The function $v(x,t)$ satisfies: $$\frac{\partial v}{\partial t} = \frac{\partial^2v}{\partial x^2} + \left(\frac{\partial v}{\partial x}\right)^2$$ for $0<x<1$, the initial condition $v(x,0) = 0$ for $0\le x\le1$, and the boundary conditions $$\frac{\partial v}{\partial x} = 1\,\,\,\text{ at }\,\,\,x=0,\,t>0\,\,\,\text{ and }\,\,\,v=0\,\,\,\text{ at }\,\,\,x=1,\,t>0$$ By change of dependent variable defined by $v=\ln u$, $u\ne0$, transforms the problem to: $$\frac{\partial u}{\partial t} = \frac{\partial^2u}{\partial x^2}$$ for $0<x<1$ where $u(x,t)$ satisfies the conditions $u(x,0) = 1$ for $0\le x\le1$ and $$\frac{\partial u}{\partial x} = u\,\,\,\text{ at }\,\,\,x=0,\,t>0\,\,\,\text{ and }\,\,\,u=1\,\,\,\text{ at }\,\,\,x=1,\,t>0$$
There is a lot of information here and I have always struggled with change of variable so I just want suggestions as to what a first step would be.

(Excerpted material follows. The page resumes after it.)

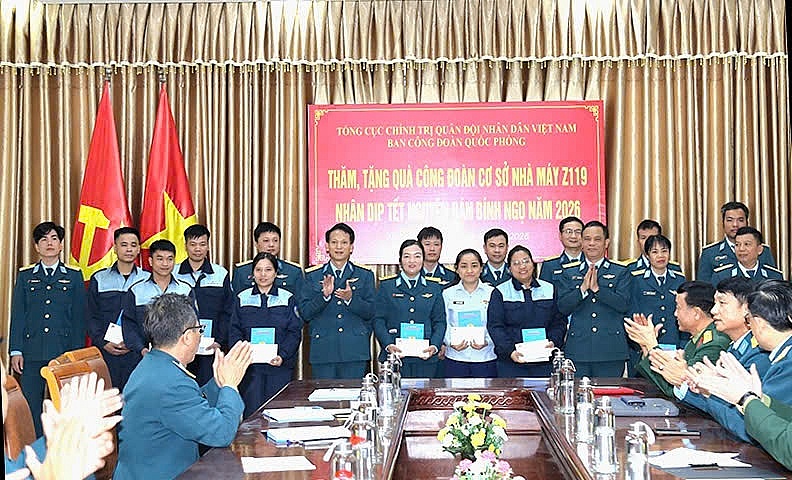 Ban Công đoàn quốc phòng, Cục Chính trị PK-KQ thăm, tặng quà Công đoàn cơ sở và người lao động tại Nhà máy Z119 nhân dịp Tết Bính Ngọ 2026. Ảnh: ĐVCC.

I take it that our OP intended to write
$\dfrac{\partial v}{\partial t} = \dfrac{\partial v^2}{\partial x^2} + \left ( \dfrac{\partial v}{\partial x} \right )^2 \tag 0$
as the first equation in his/her post.
I walk through the steps of the transformation like this:
with
$v = \ln u, \tag 1$
we have
$u = e^v; \tag 2$
$u_t = v_t e^v, \tag 3$
$u_x = v_x e^v, \tag 4$
$u_{xx} = v_{xx} e^v + v_x v_x e^v = v_{xx}e^v + v_x^2 e_v; \tag 5$
then if
$v_t = v_{xx} + v_x^2, \tag 6$
we find
$v_t e^v = v_{xx}e^v + v_x^2 e^v; \tag 7$
now via (3) and (5) this may be written
$u_t = u_{xx}. \tag 8$
These steps may in fact be readily reversed; if we start with (8) and assume (1), (0) emerges as a necessary consequence.